▶ SOURCE MATERIAL
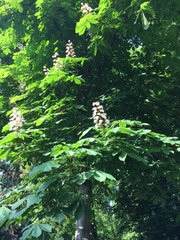 Aesculus hippocastanum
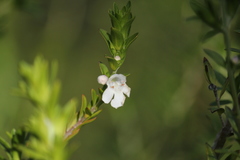 Prostanthera behriana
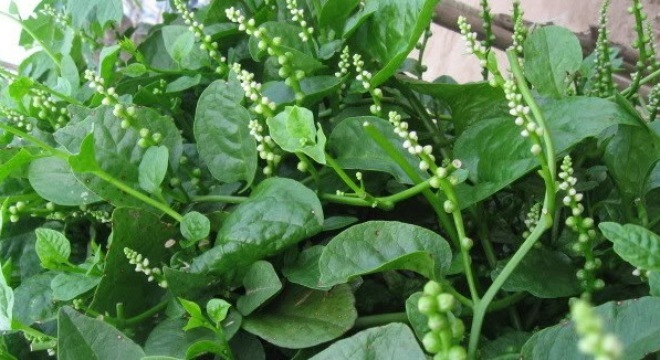 rau mùng tơi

▶ ABOUT THIS TASK
Please retype the whole of the data precisely, omitting pictures.

▶ TASK ANSWER
 Aesculus hippocastanum
 Prostanthera behriana
 rau mùng tơi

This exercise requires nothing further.